Der Ferndiagnostiker sieht oft mehr als manche vor Ort.

von Wolfgang Winheim

über Marcel Hirschers Vater

Ein geschätztes Drittel der Besucher, die daumendrückend die Tribüne in Beaver Creek frequentieren, sind Angehörige der WM-Starter. Der private Fan-Klub Hirscher ist vor Ort durch Mama Sylvia, Freundin Laura und Bruder Leon vertreten. Nur der Vater des Erfolges blieb zu Hause.

Ferdinand Hirscher steht im Salzburger Lammertal, in Annaberg, auf der Piste. Als Leiter der dortigen Skischule organisierte er gestern ein Kinder-Abschlussrennen.

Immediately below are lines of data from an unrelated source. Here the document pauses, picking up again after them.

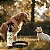 Kit Spray Citronela Pet e Coleira Neem e Erva Santa Maria para Cães Médios - Zenpet - Imagem 2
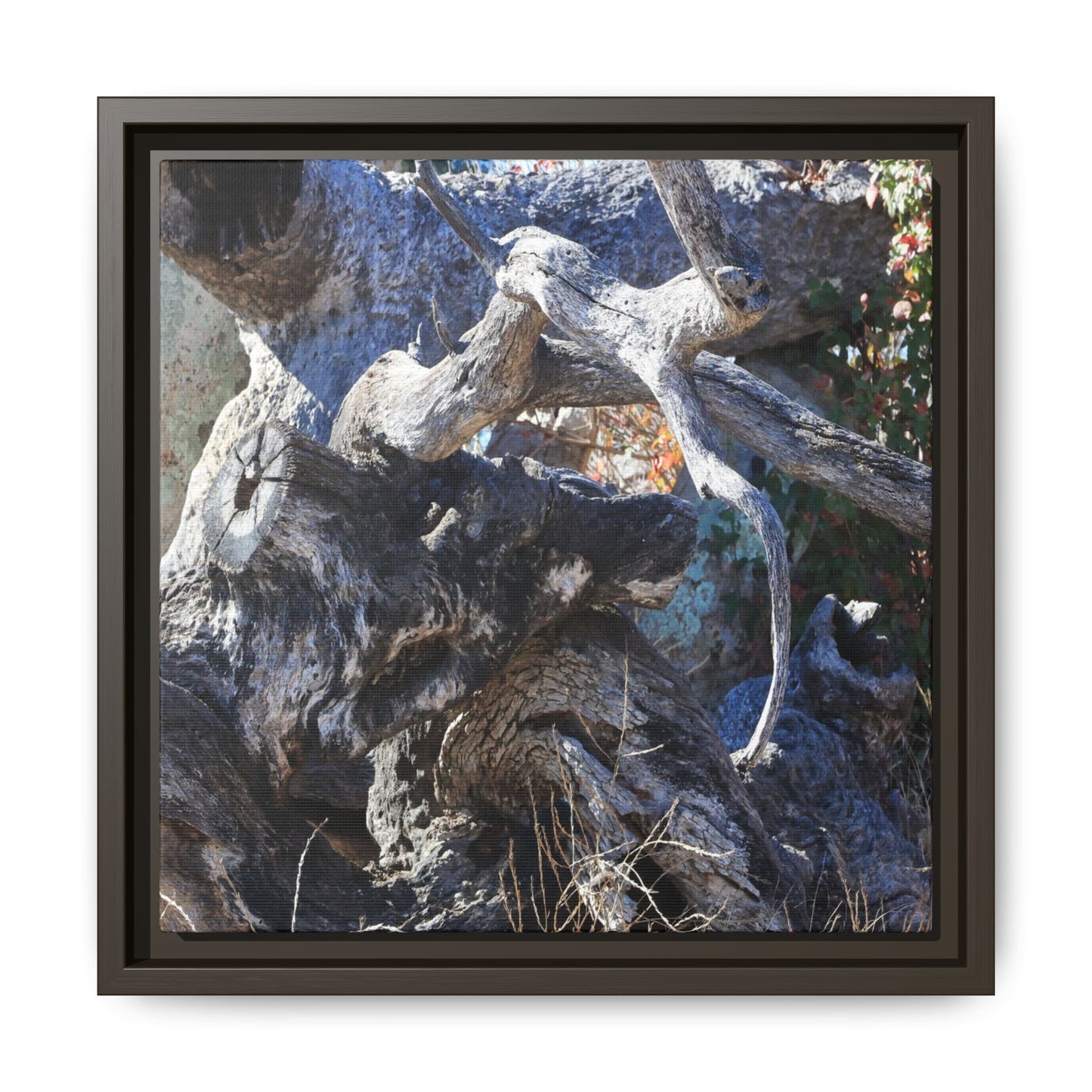 Resilient Roots - Unique Stretched Canvas Wall Art - Art By Earth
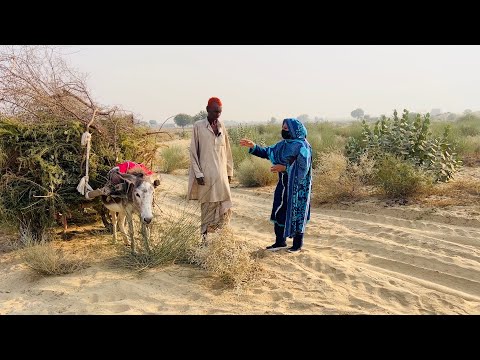 Akhir Kiya Waja ?Apny 9 Bachon ko Bech Kr Ye Gadha Ly Liya ||Aao Madad Karen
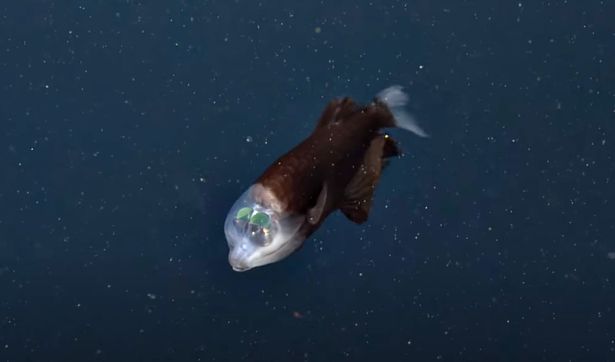 Rare fish with a limpid head was found in deep sea leaving experts baffled by its strange appearance 1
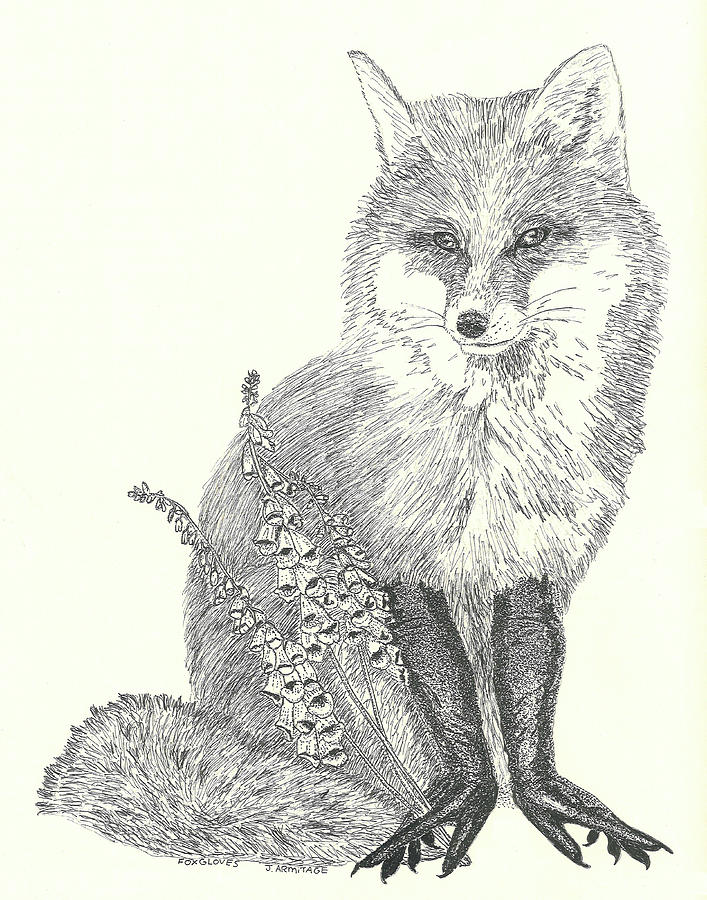 Foxgloves Drawing by Jenny Armitage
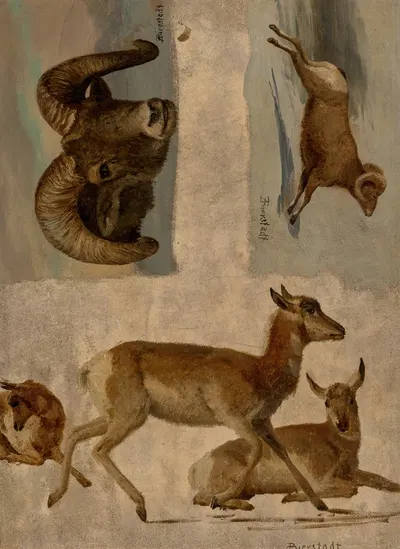 Study of Bighorn Sheep and Antelope by Альберт Бирштадт — digital art print download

Für Sohn Marcel ist in 8600 Kilometer Entfernung die Medaillenjagd noch lange nicht abgeschlossen. Obwohl bereits mit zwei Goldenen dekoriert, stehen Marcels Spezialrennen erst bevor. Heute Riesenslalom, Sonntag Slalom.

Ferdinand Hirscher wird den Abend vom Freitag, dem 13., allein vor dem Fernsehapparat in den eigenen vier Wänden verbringen. In einer g’mütlichen, bescheidenen Dachwohnung. Protz gehört nicht zur Art des Hauses H.

Vor dem Rennen, in der Halbzeitpause und danach wird Marcel seinen Vater anrufen. Denn der Ferdl, wie der zurzeit erfolgreichste Skifahrer der Welt den Senior nennt, hat ein unglaubliches Aug’ dafür, wo die Tücken lauern und ob sein Marcel zum optimalen Gerät gegriffen hat oder nicht.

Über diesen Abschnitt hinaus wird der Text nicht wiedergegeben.